> **EXERCISE**: Set down word for word the lines that begin the entries and run through the line containing "Lots of Things". Give nothing further.

#### EXTRACTED DATA

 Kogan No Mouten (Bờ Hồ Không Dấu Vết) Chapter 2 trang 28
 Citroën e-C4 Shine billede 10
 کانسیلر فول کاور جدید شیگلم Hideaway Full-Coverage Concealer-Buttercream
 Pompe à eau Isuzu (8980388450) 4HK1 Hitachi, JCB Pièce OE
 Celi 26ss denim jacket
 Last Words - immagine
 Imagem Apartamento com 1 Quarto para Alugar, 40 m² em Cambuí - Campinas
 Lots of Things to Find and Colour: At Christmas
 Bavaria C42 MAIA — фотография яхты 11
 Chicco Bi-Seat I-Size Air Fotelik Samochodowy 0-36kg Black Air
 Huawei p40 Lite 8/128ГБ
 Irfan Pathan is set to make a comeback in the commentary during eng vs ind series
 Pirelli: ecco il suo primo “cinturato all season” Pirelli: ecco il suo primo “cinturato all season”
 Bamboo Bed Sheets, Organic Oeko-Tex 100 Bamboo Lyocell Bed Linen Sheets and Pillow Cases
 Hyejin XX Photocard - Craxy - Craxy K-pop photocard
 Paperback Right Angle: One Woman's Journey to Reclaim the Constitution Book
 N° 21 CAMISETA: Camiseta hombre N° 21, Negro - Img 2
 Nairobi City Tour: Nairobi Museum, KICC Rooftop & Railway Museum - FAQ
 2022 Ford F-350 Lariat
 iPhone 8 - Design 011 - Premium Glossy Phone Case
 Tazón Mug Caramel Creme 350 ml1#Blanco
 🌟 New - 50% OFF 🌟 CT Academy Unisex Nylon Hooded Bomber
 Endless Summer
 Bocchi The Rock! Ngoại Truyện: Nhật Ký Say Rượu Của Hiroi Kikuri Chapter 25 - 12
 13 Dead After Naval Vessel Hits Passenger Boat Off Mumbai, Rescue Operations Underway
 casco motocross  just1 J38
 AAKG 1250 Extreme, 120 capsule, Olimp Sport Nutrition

########

> **RESPONSE BELOW**:
 Kogan No Mouten (Bờ Hồ Không Dấu Vết) Chapter 2 trang 28
 Citroën e-C4 Shine billede 10
 کانسیلر فول کاور جدید شیگلم Hideaway Full-Coverage Concealer-Buttercream
 Pompe à eau Isuzu (8980388450) 4HK1 Hitachi, JCB Pièce OE
 Celi 26ss denim jacket
 Last Words - immagine
 Imagem Apartamento com 1 Quarto para Alugar, 40 m² em Cambuí - Campinas
 Lots of Things to Find and Colour: At Christmas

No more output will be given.